THE PROBLEM:
Transcribe the entries that come next exactly, but not the pictures they contain.

┌─ DATA

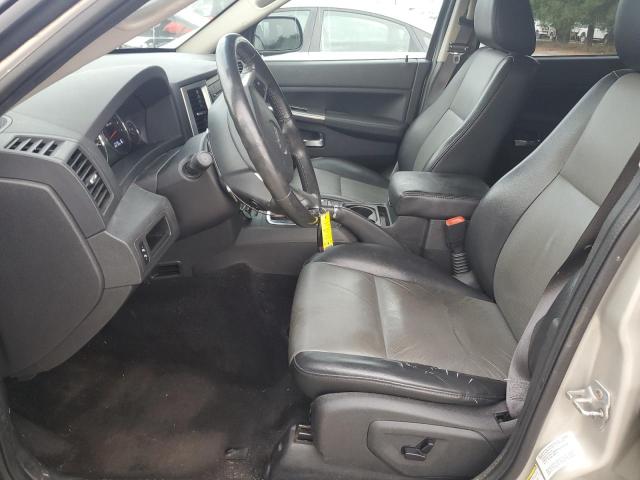 Photo 7 from auction – 2009 JEEP GRAND CHER with VIN 1J8HR48P09C535285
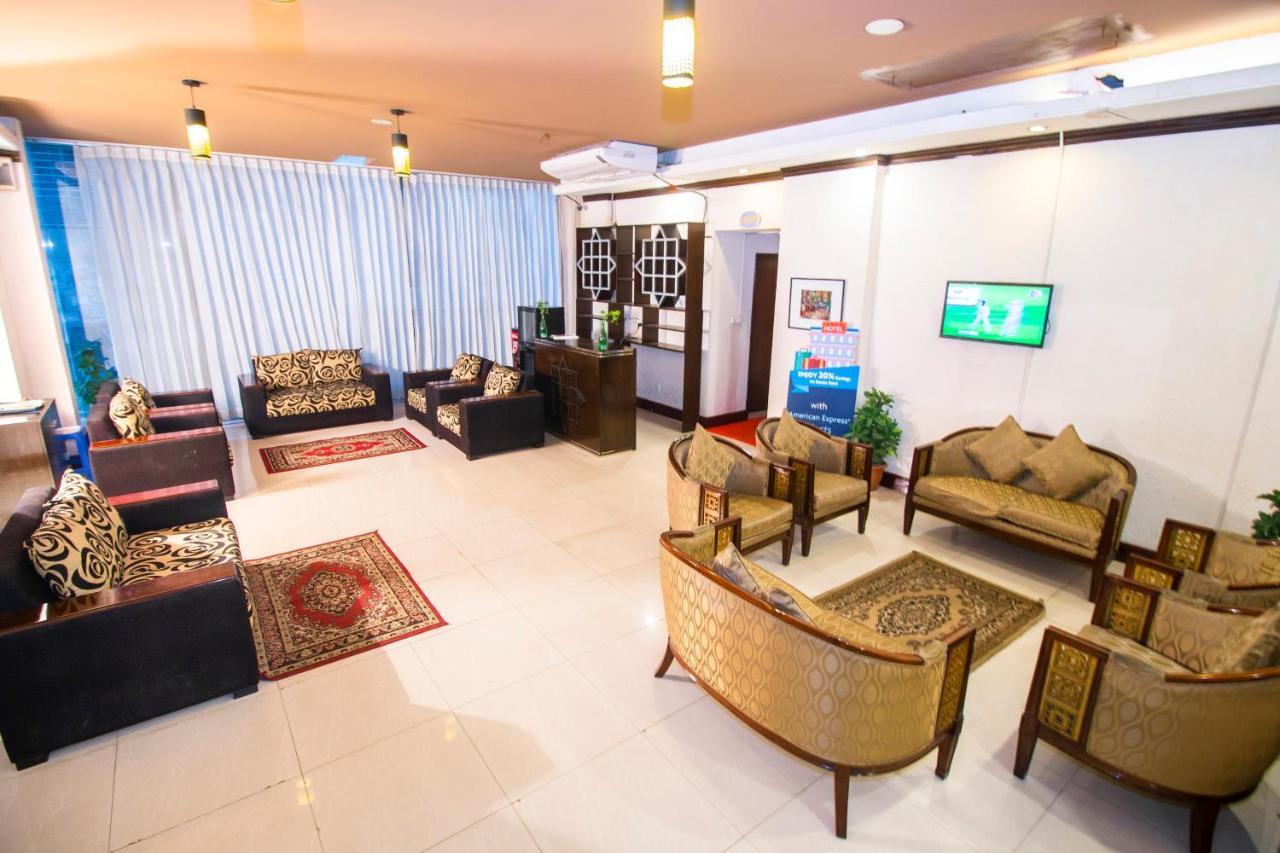 Hotel Tea Tree & Resort Dacca Exterior foto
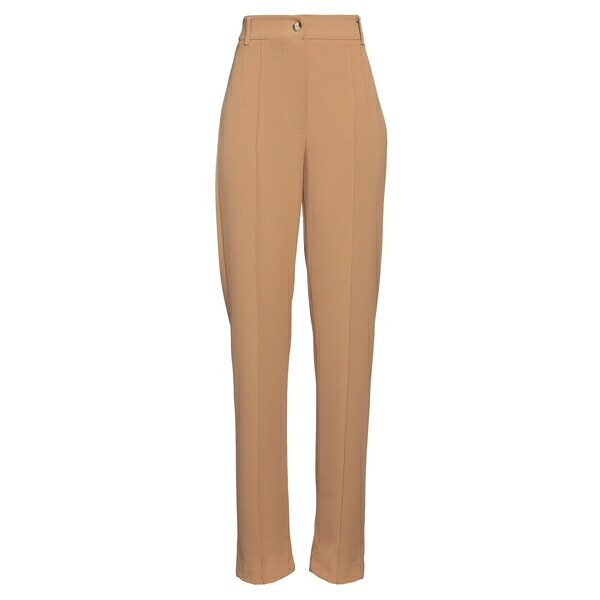 【送料無料】 ル ストレーゲ レディース カジュアルパンツ ボトムス Pants Beige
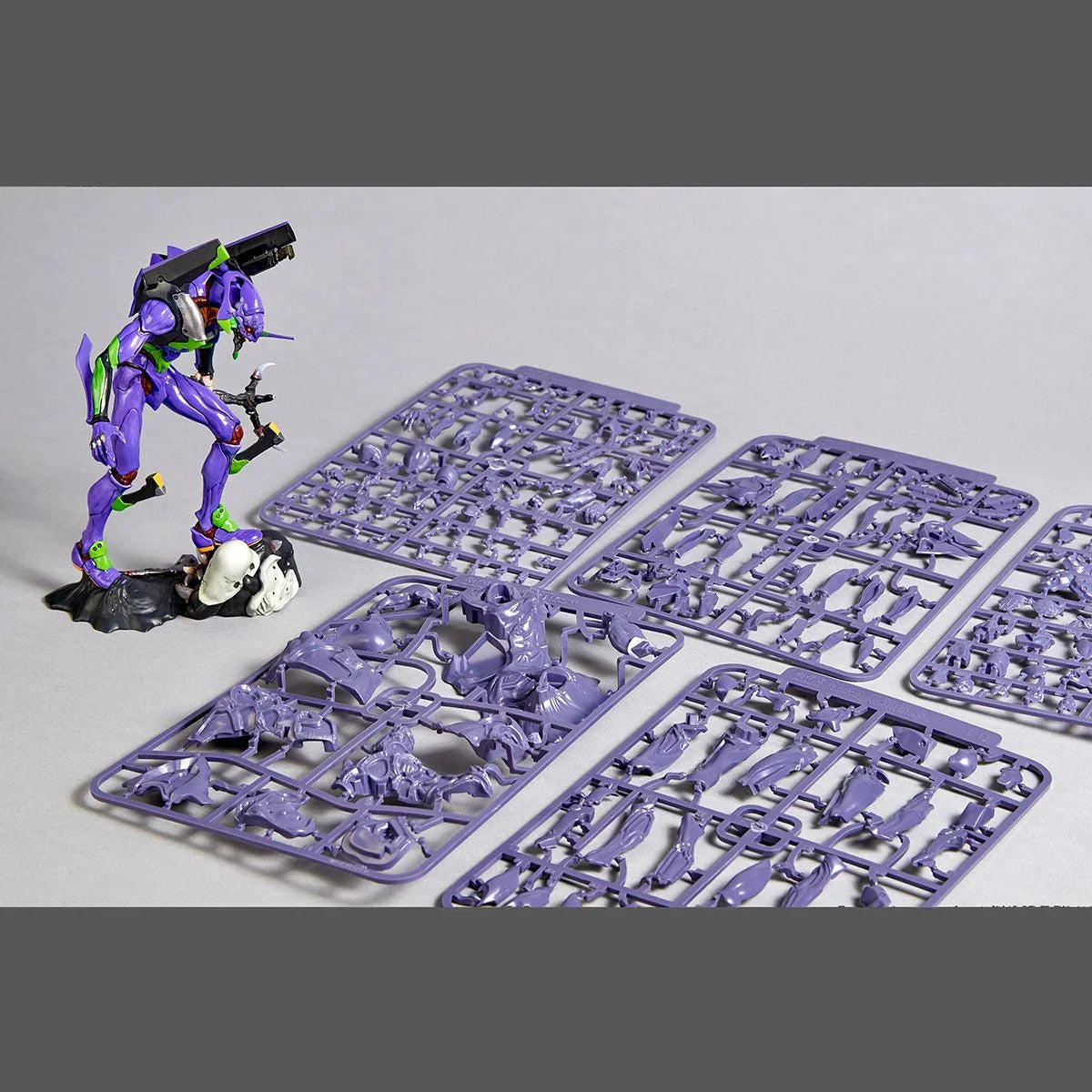 ARTPLA Sculpture Works Evangelion Test Type-01 Berserk (Reissue)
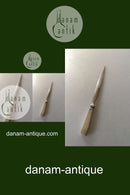 Georg Jensen Sterling Silber Blockbriefmesser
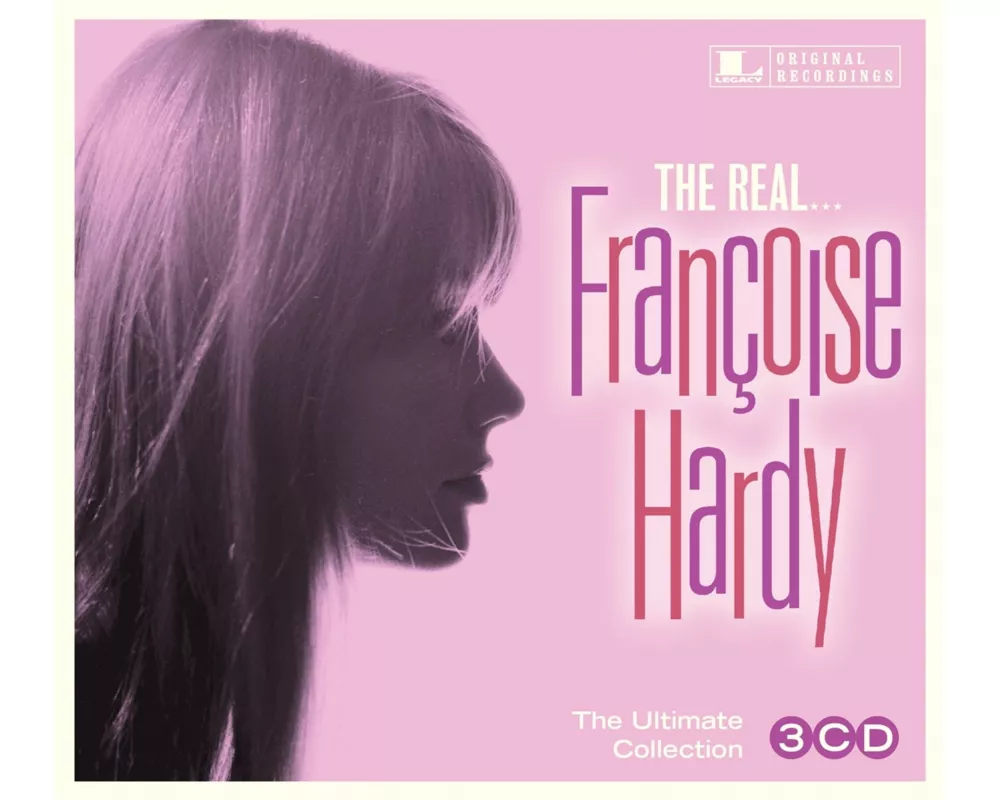 The Real...Fran¿oise Hardy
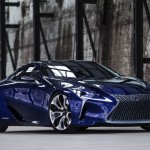 Lexus LF-LC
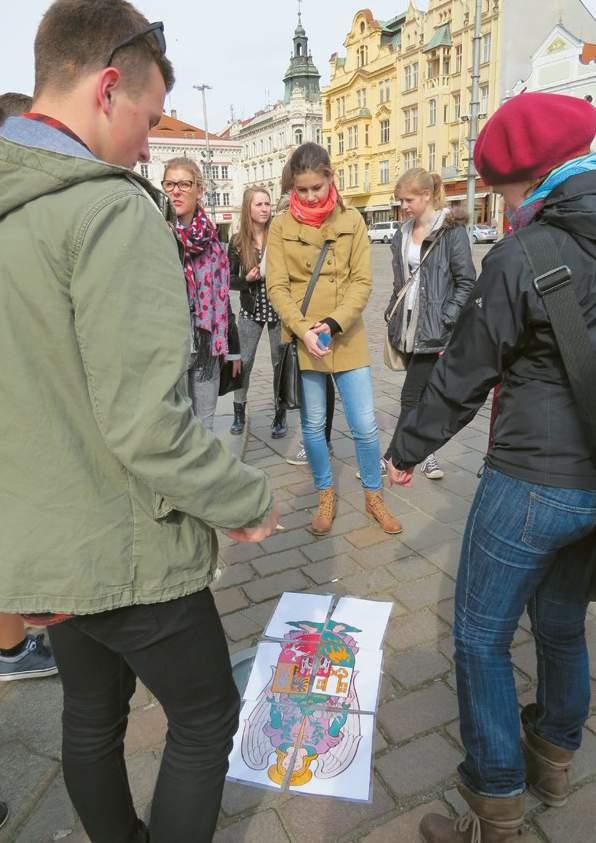 Zažij Plzeň! Erlebe Pilsen!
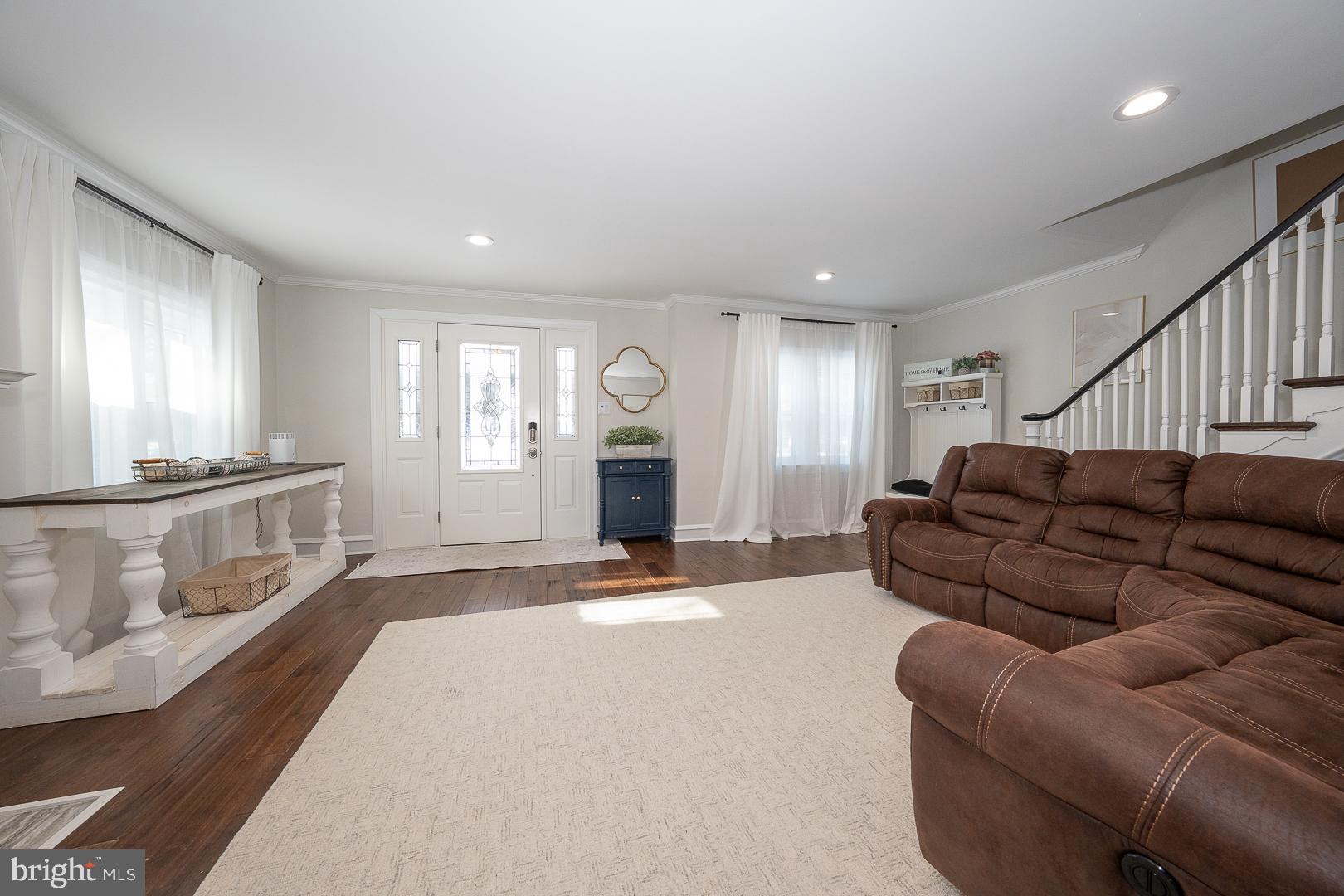 MERWOOD PARK - Residential Lease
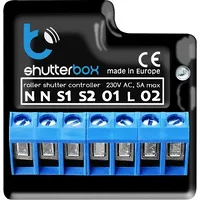 blebox shutterbox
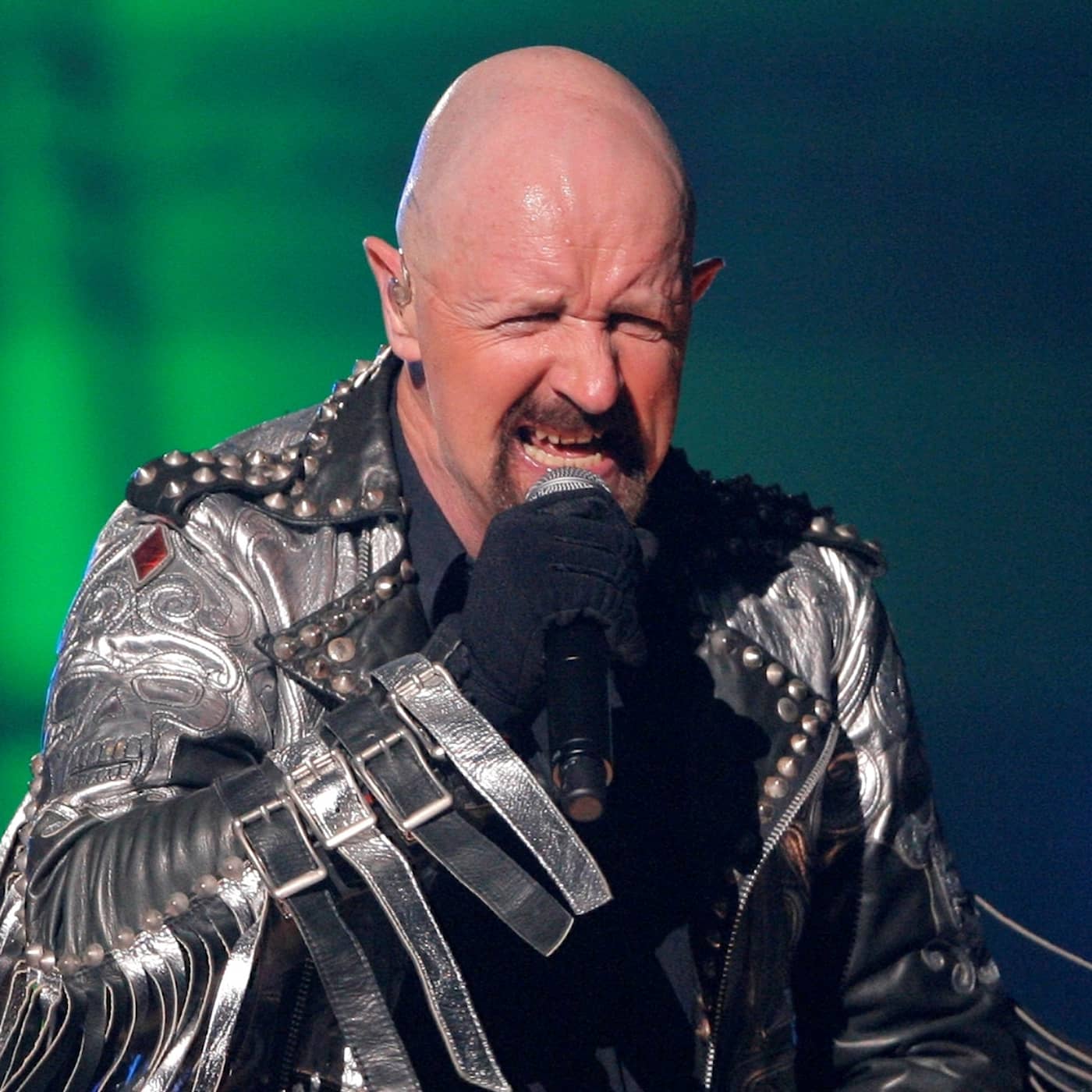 Susanne Ljung möter Rob Halford artwork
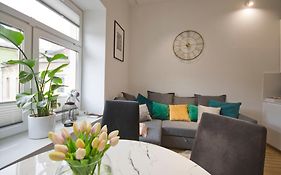 Apartament Calm Przy Rynku Z Klimatyzacja I Parkingiem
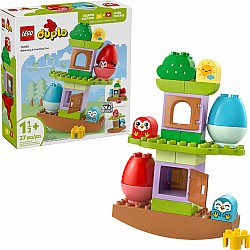  Lego Duplo 10440 Balancing and Stacking Tree	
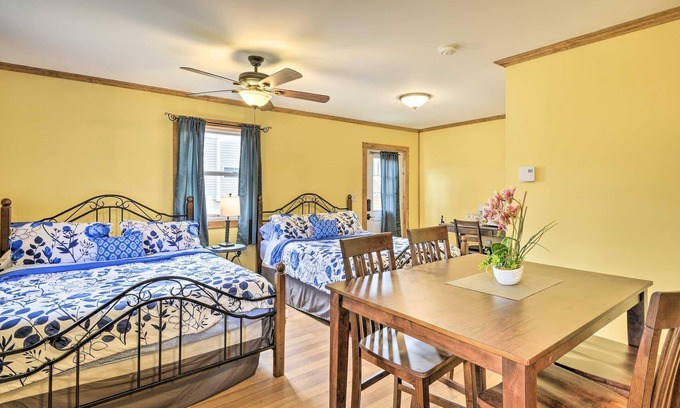 Pleasant Mount Hotel | Relaxing Premium Suite Pool Access Autumn Midweek - 35% OFF Promo!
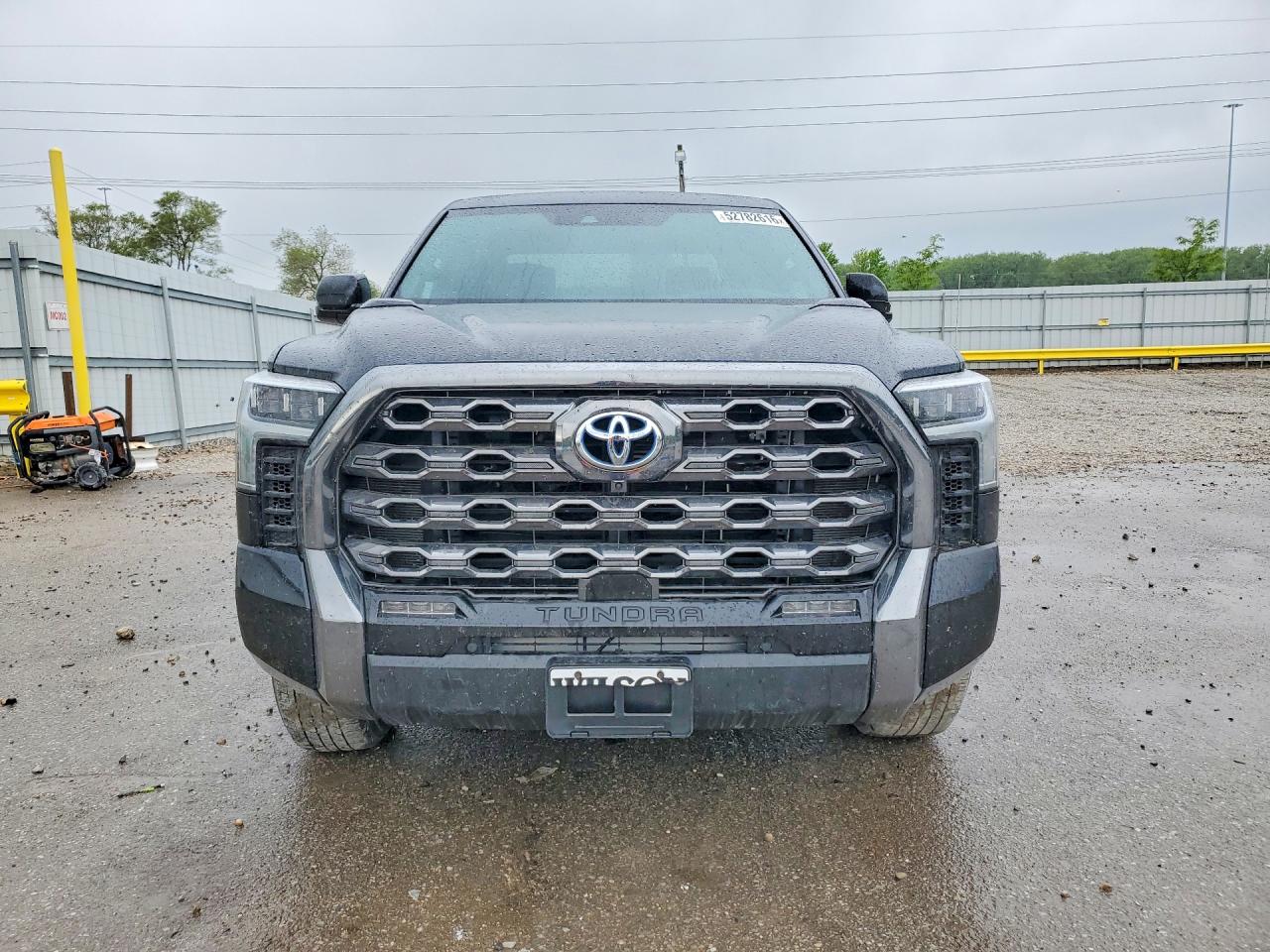 Toyota Tundra Platinum Hv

└─

REPLY TO THE EXERCISE:
 Photo 7 from auction – 2009 JEEP GRAND CHER with VIN 1J8HR48P09C535285
 Hotel Tea Tree & Resort Dacca Exterior foto
 【送料無料】 ル ストレーゲ レディース カジュアルパンツ ボトムス Pants Beige
 ARTPLA Sculpture Works Evangelion Test Type-01 Berserk (Reissue)
 Georg Jensen Sterling Silber Blockbriefmesser
 The Real...Fran¿oise Hardy
 Lexus LF-LC
 Zažij Plzeň! Erlebe Pilsen!
 MERWOOD PARK - Residential Lease
 blebox shutterbox
 Susanne Ljung möter Rob Halford artwork
 Apartament Calm Przy Rynku Z Klimatyzacja I Parkingiem
  Lego Duplo 10440 Balancing and Stacking Tree	
 Pleasant Mount Hotel | Relaxing Premium Suite Pool Access Autumn Midweek - 35% OFF Promo!
 Toyota Tundra Platinum Hv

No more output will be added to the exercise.